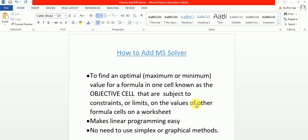The objective cell is subject to constraints or limits on the values of other formula cells on the worksheet. MS Solver makes linear programming very easy. We don't need to use simplex or other graphical methods. MS Solver is not pre-installed; it is an add-in that we add ourselves.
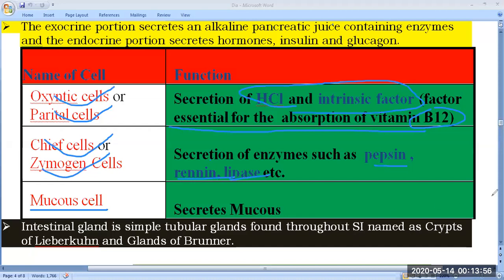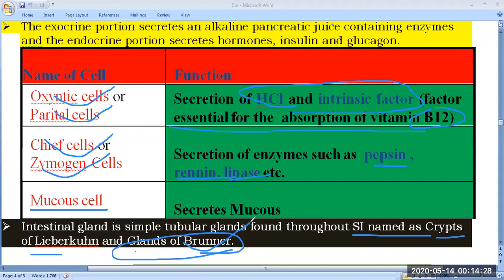The fifth and last gland is the intestinal gland. These are simple tubular glands found throughout the small intestine, named as the crypts of Lieberkühn and the glands of Brunner. Brunner's glands contain Paneth cells, which are involved in the secretion of lysozyme — the antibacterial enzyme. We have now discussed all five types of digestive glands, which are very important for the NEET exam.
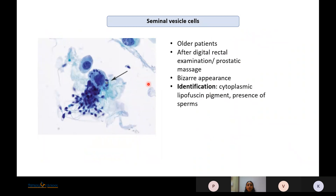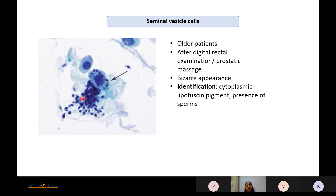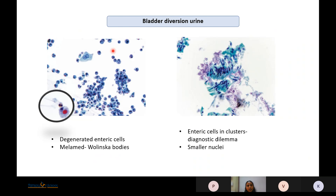Seminal vesicle cells can be present, more commonly seen in older patients after digital rectal examination or prostatic massage. They are bizarre-looking cells, but the presence of lipofuscin pigment and sperm are identifiers for seminal vesicle cells, so they should not be labeled as atypical cells.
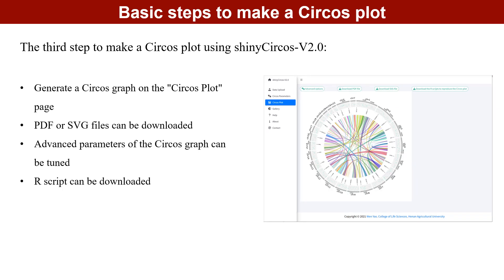The third step is to view the Circos plot on the Circos plot page, where you can see the plot created using the current dataset and plotting parameters. Users can download high-quality PDF and SVG files of the created Circos plot, and can adjust advanced parameters such as Circos legends, adding track indexes, and highlighting genomic regions. Users can also download the R code used to make the current Circos diagram to further enhance it.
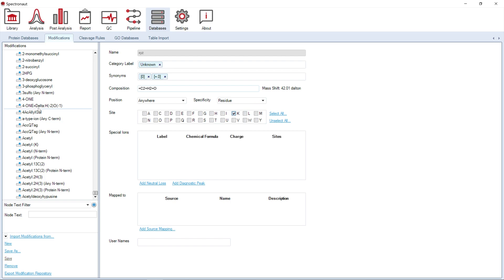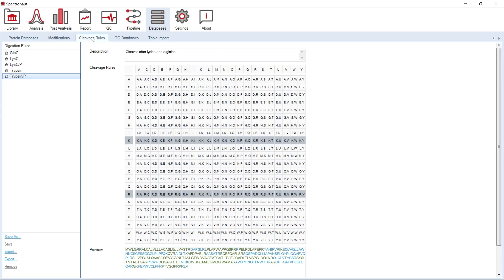Moving on, we can find cleavage rules. The tree on the left side contains protein digestion rules which correspond to proteases most commonly used in proteomics.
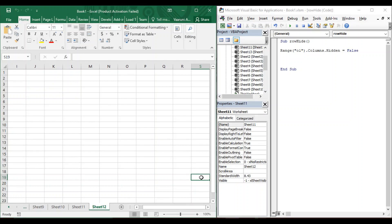Hi guys, welcome back to the YouTube channel Programming Knowledge. In today's Excel VBA video, we are going to see how we can perform some manipulations over Microsoft Excel sheets using Visual Basic code. Up till now we have been seeing how to manipulate cells of a particular sheet. In this video we are going to see manipulations we can perform on sheets themselves.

**PROBLEM:** Give back the whole listing exactly as it stands. No pictures belong in the copy.

**FINISHED EXERCISE:**
The objective cell is subject to constraints or limits on the values of other formula cells on the worksheet. MS Solver makes linear programming very easy. We don't need to use simplex or other graphical methods. MS Solver is not pre-installed; it is an add-in that we add ourselves.
The fifth and last gland is the intestinal gland. These are simple tubular glands found throughout the small intestine, named as the crypts of Lieberkühn and the glands of Brunner. Brunner's glands contain Paneth cells, which are involved in the secretion of lysozyme — the antibacterial enzyme. We have now discussed all five types of digestive glands, which are very important for the NEET exam.
Seminal vesicle cells can be present, more commonly seen in older patients after digital rectal examination or prostatic massage. They are bizarre-looking cells, but the presence of lipofuscin pigment and sperm are identifiers for seminal vesicle cells, so they should not be labeled as atypical cells.
The third step is to view the Circos plot on the Circos plot page, where you can see the plot created using the current dataset and plotting parameters. Users can download high-quality PDF and SVG files of the created Circos plot, and can adjust advanced parameters such as Circos legends, adding track indexes, and highlighting genomic regions. Users can also download the R code used to make the current Circos diagram to further enhance it.
Moving on, we can find cleavage rules. The tree on the left side contains protein digestion rules which correspond to proteases most commonly used in proteomics.
Hi guys, welcome back to the YouTube channel Programming Knowledge. In today's Excel VBA video, we are going to see how we can perform some manipulations over Microsoft Excel sheets using Visual Basic code. Up till now we have been seeing how to manipulate cells of a particular sheet. In this video we are going to see manipulations we can perform on sheets themselves.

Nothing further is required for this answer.